A parent’s job is to provide a safe environment in which their kids can grow and thrive. Parents are to do their best to meet the needs of the child-physical, and emotional needs. This means parents are often the bad guys when they exercise discipline and set boundaries. But, this is absolutely necessary in order to give our kids the best shot of becoming well-adjusted adults. Without those boundaries and discipline, our children grow to believe the world revolves around them and exists to make them happy. When they bump up against the real world and it doesn’t bow to their wishes and whims, they aren’t equipped with the coping skills to know how to handle those disappointments. We cannot forget it is a parent’s job to meet their child’s spiritual needs. We need to teach them about God, right and wrong, and the need to do the right thing, even when it is hard or takes some work. Honesty, integrity, compassion, generosity-all Christian ideas-make this world livable. We need more of these traits in our world. Many of us learned those traits at church, but church seems to take a back seat to sports and school and TV and video games these days.

GENETICS AND BIOLOGY

There is no gene linked to causing violence. However, our genes determine our temperaments. How emotional we are. How _______________________________________________. If we pair our temperaments with an abuse history and poor parenting, we have quite a few strikes in our column for adapting well to the ups and downs of life. Traumatic brain injuries can also affect a person’s ability to make good decisions and can completely change someone’s personality based on the area of the brain in which the trauma occurs.
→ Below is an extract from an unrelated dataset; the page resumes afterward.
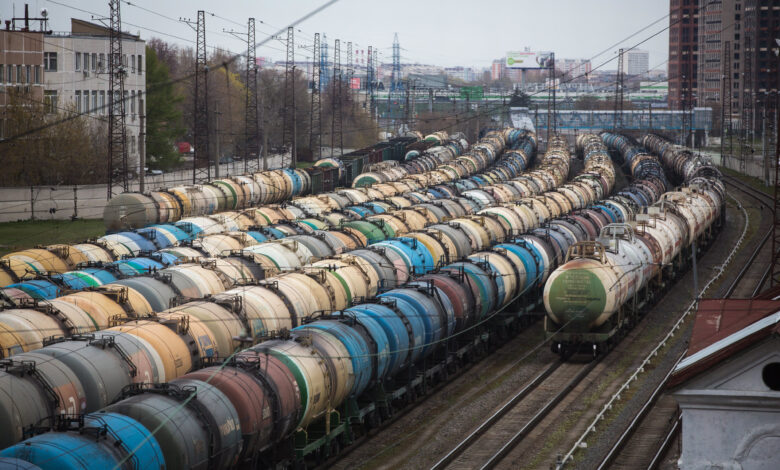 Analysts say that alternative supplies will not be able to completely replace Russian oil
Those types of injuries cannot be fixed with medication.

GARBAGE IN, GARBAGE OUT

There is one issue in the field of psychology that is not debated-the effects of violent TV, violent movies, and violent video games on children and adolescents. Recent research has shown the pre-frontal cortex of the brain (the decision making center of our brains) is not fully developed until our mid-twenties, sometimes early thirties. If we allow children to play violent video games and watch violent TV and movies when they turn 6, by the time they are 25, they’ve had 19 years of garbage poured into their brains. It has an effect. A terrible, horrible effect.

SUBSTANCE ABUSE

We all have chemicals floating around in our brains. Each person’s brain chemistry is different. Often, when our brain chemistry is out of balance, we turn to prescription drugs, legal drugs (alcohol), and illicit drugs to help us feel better. Unfortunately, everyone responds differently to chemicals we add on our own to our systems. Sometimes chemicals grab ahold of us and don’t let go. No matter how much we will ourselves to be rid of the drugs, our brains crave it so badly we can’t kick the habit. The drugs change us and it takes quite a bit of work and heartache to learn to live life without them.

EVIL JUST EXISTS

We do not live in a perfect world. Eutopia just doesn’t exist. Bad things happen to good people. Evil is no respecter of age, person, wealth, or position. It is a hard, cold fact of living in this world. Evil just is.
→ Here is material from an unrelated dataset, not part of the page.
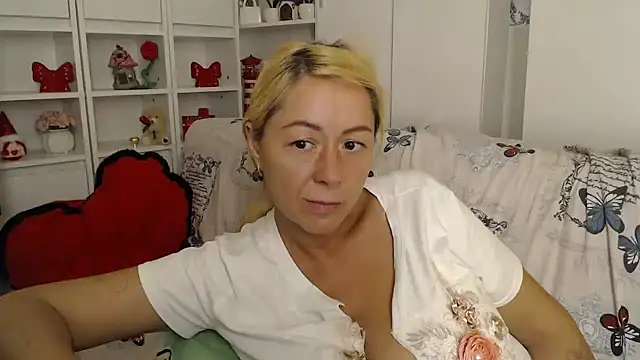 Snapshot of spell_of_love chatting on July 2026 12:47:02 AM spell of love online show from July 2026 12:47:02 AM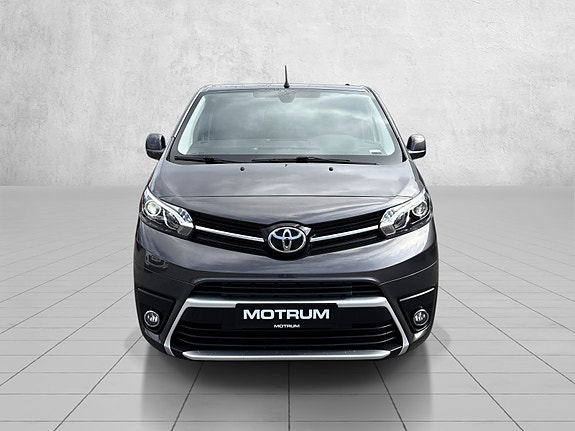 Toyota Proace 2 of 28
It is extremely important to recognize that one of these factors alone does not usually provoke such violence in an individual. We cannot sit back and blame this man’s parents. We can’t blame his genes and give him a pass. However, we can pay closer attention to those around us and try to help those who may be struggling. Perhaps you can be a listening ear to someone struggling with depression. Or, maybe you can step into the life of someone who has been abused and show them what pure and unsullied love really looks like. Maybe you know a child who is without a mother or father and you can include them in your family gatherings and set a good example for them by allowing them to see how you parent your own children. If you know someone who is struggling, you may even be able to suggest he/she contact a professional counselor or therapist to help them sort through some of the pressing issues. Whatever you do, don’t bury your head and wait for someone else to help. Someone else may be looking to you to do it.